Task goal:
From the line that holds "FD Classic Tote XC24092408" down to the last line of the listing below, reproduce each line exactly and nothing more, omitting pictures.

Available records:
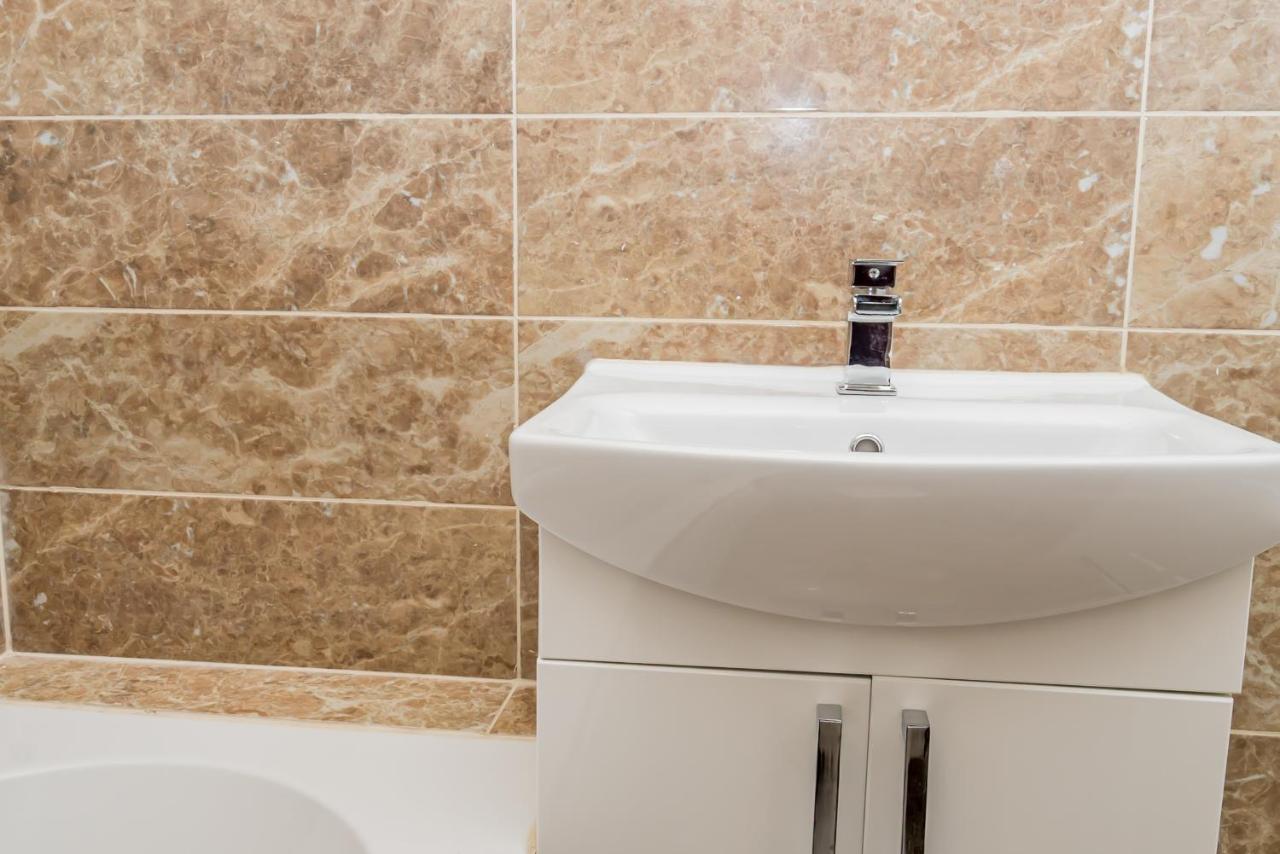 Shirley House 2, Self Catering Guest House, Self Check In, Smart Locks, 10 Min Walk To Southampton General, Aspire And Princess Anne Hospitals, Access To Fully Equipped Kitchen, Excellent Transport Links, Ideal For Longer Stays And Hospital Shifts Eksteriør bilde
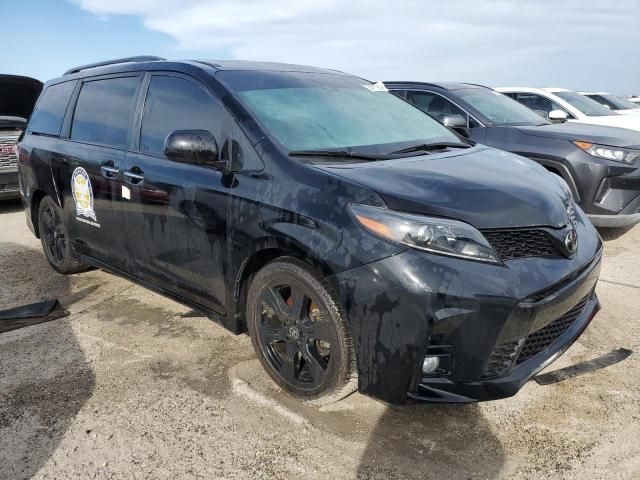 2020 Toyota Sienna SE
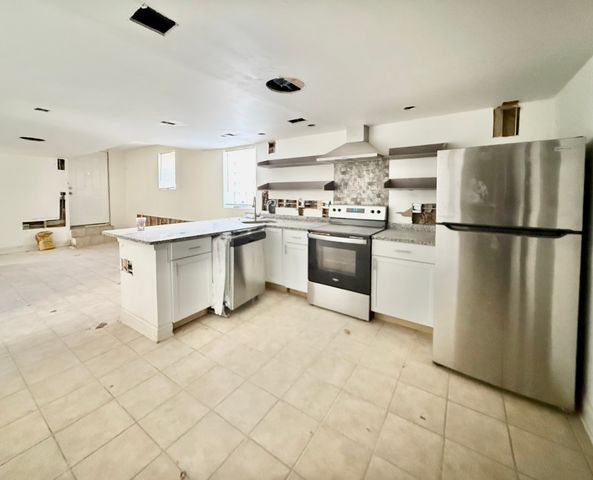 2947 W Cortland Street, Chicago, IL 60647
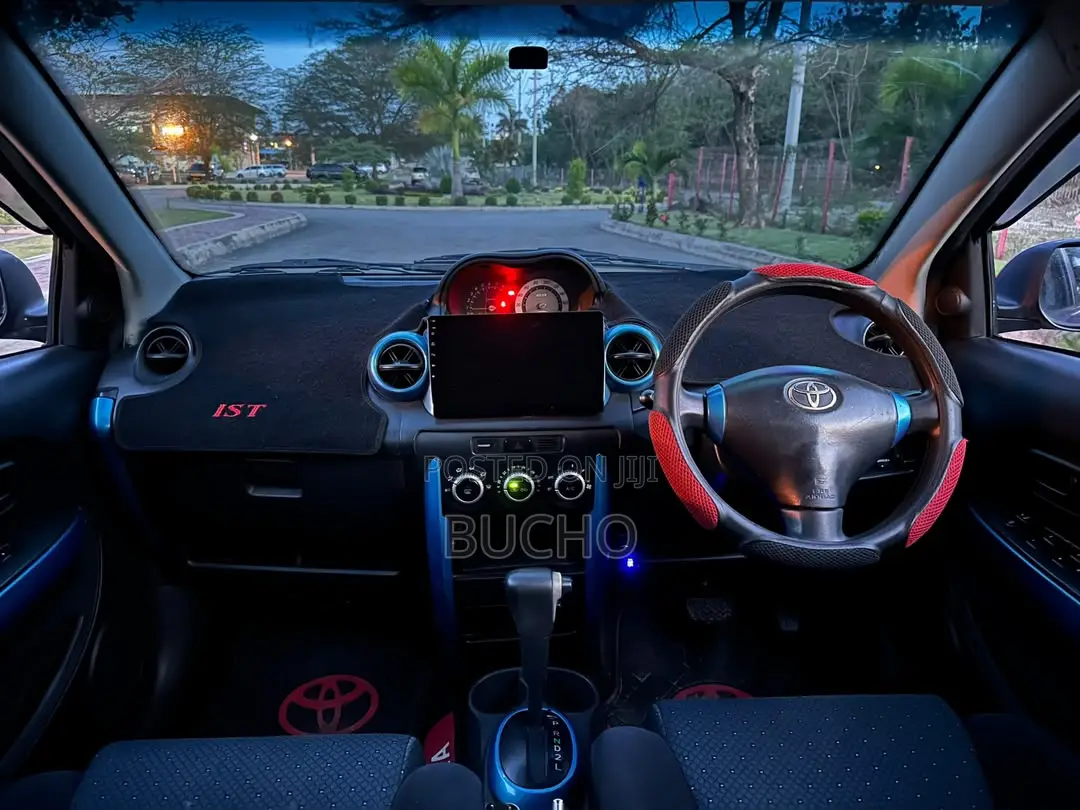Toyota IST 2005 Blue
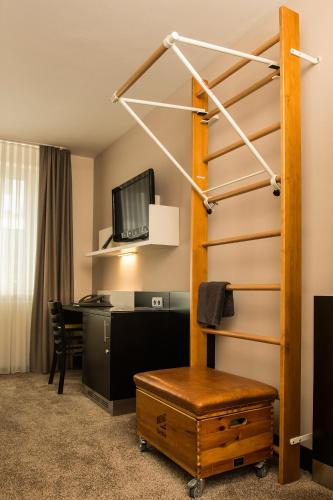 a room with a desk and a computer in a room at Turm Hotel in Frankfurt/Main
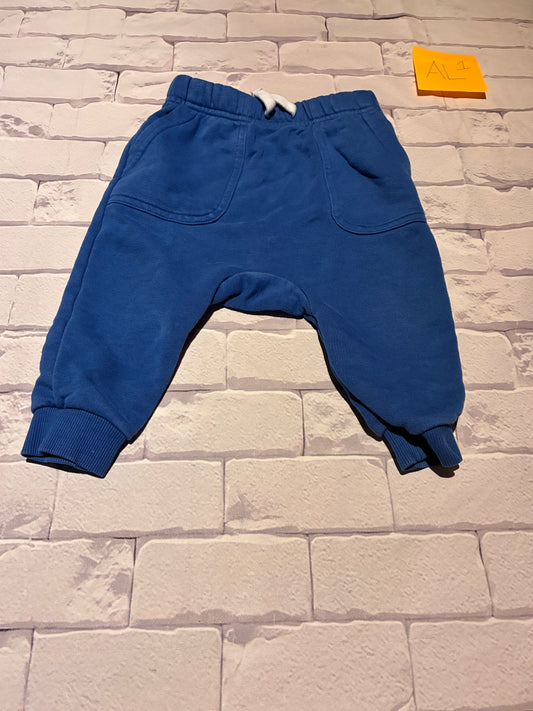 Bottoms Size 12-18m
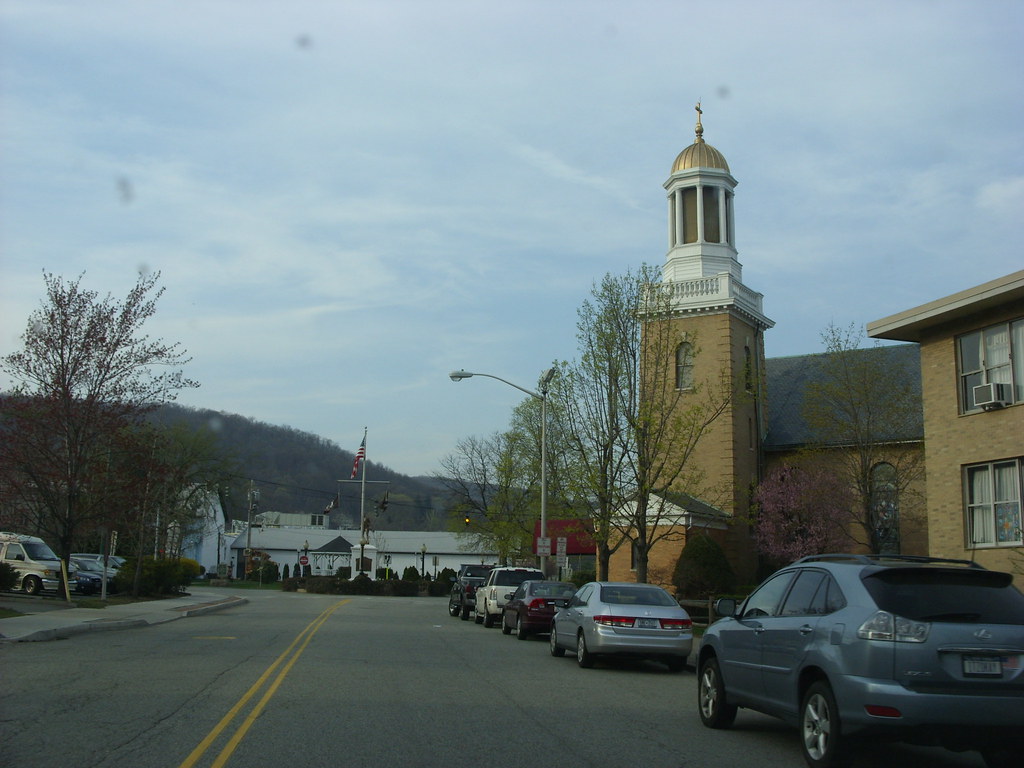 Suffern, New York Suffern, New York Doug Kerr Flickr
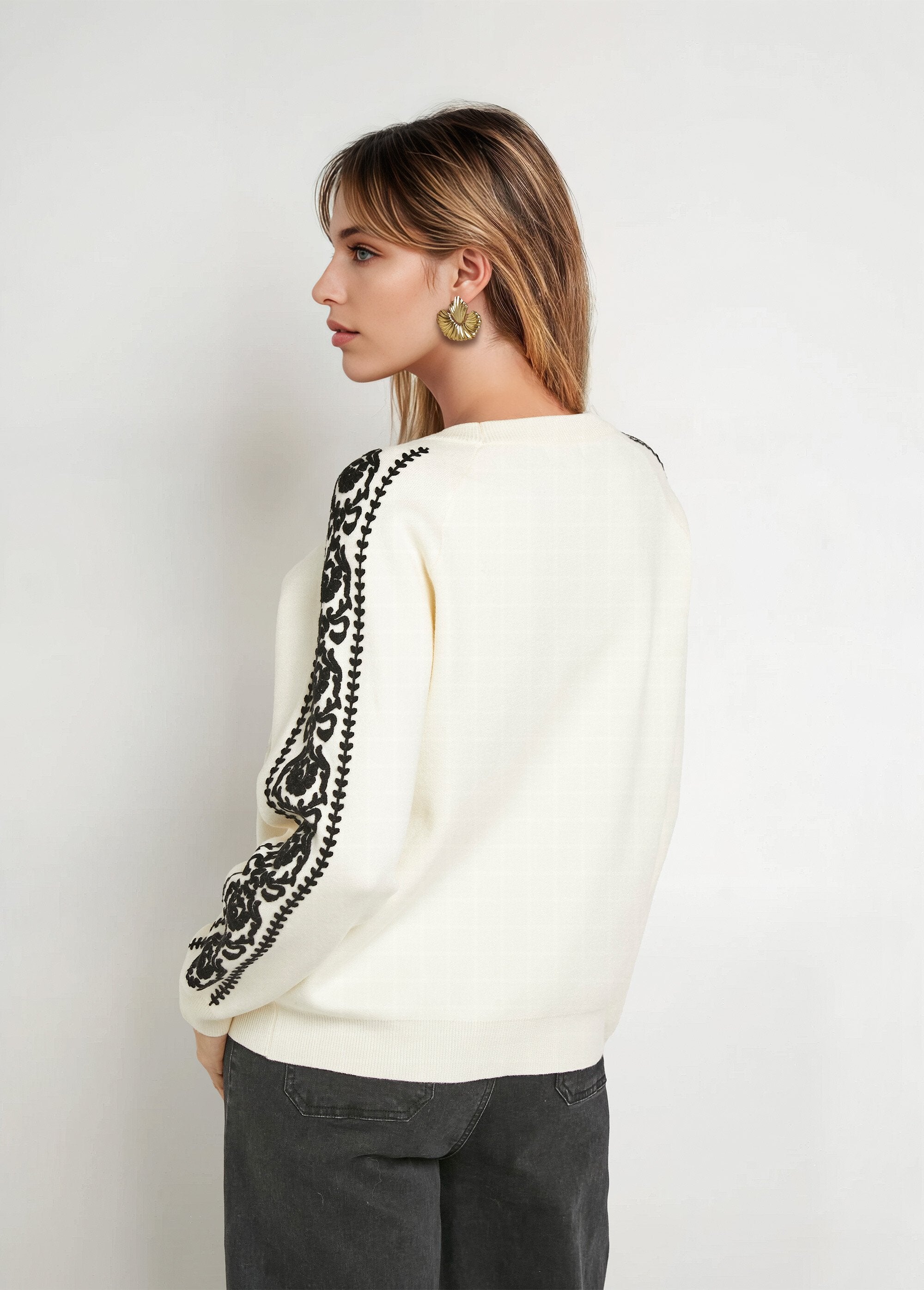 Thick_knit_sweater_with_embroidered_sleeves_Ecru_DO1_slim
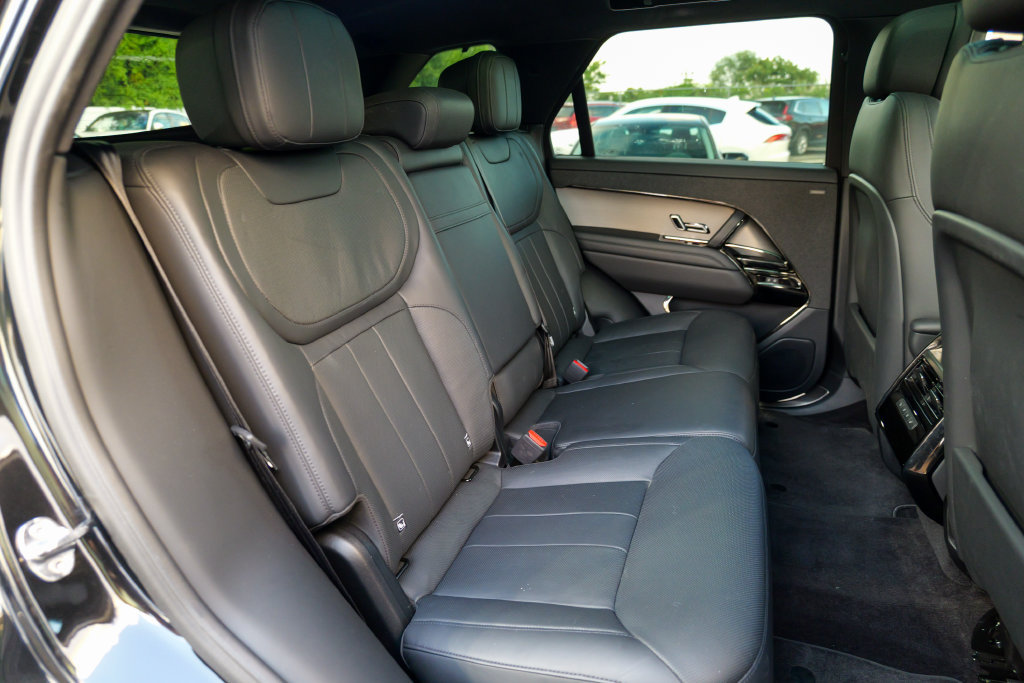 Used 2025 Land Rover Range Rover Sport SE AWD/4WD image 34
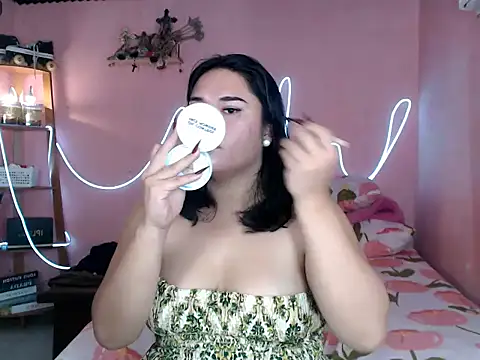 imTHICK_Rebbecca Show in webcam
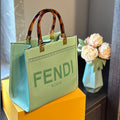 FD Classic Tote XC24092408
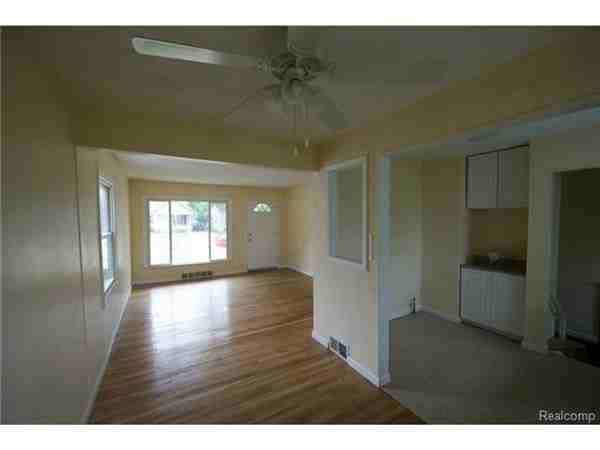 12478 Pearl St - Photo 3 of 7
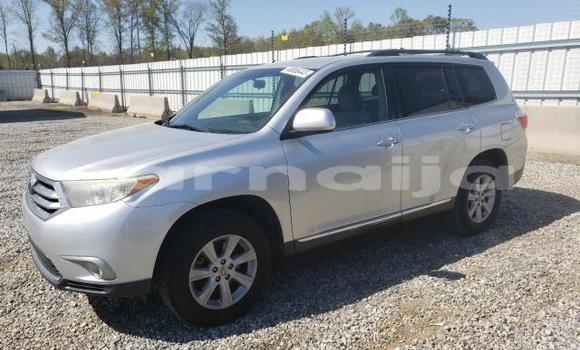 Buy New Toyota Highlander Silver Car in Badagry in Lagos State Buy New Toyota Highlander Silver Car in Badagry in Lagos State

Solution:
 FD Classic Tote XC24092408
 12478 Pearl St - Photo 3 of 7
 Buy New Toyota Highlander Silver Car in Badagry in Lagos State Buy New Toyota Highlander Silver Car in Badagry in Lagos State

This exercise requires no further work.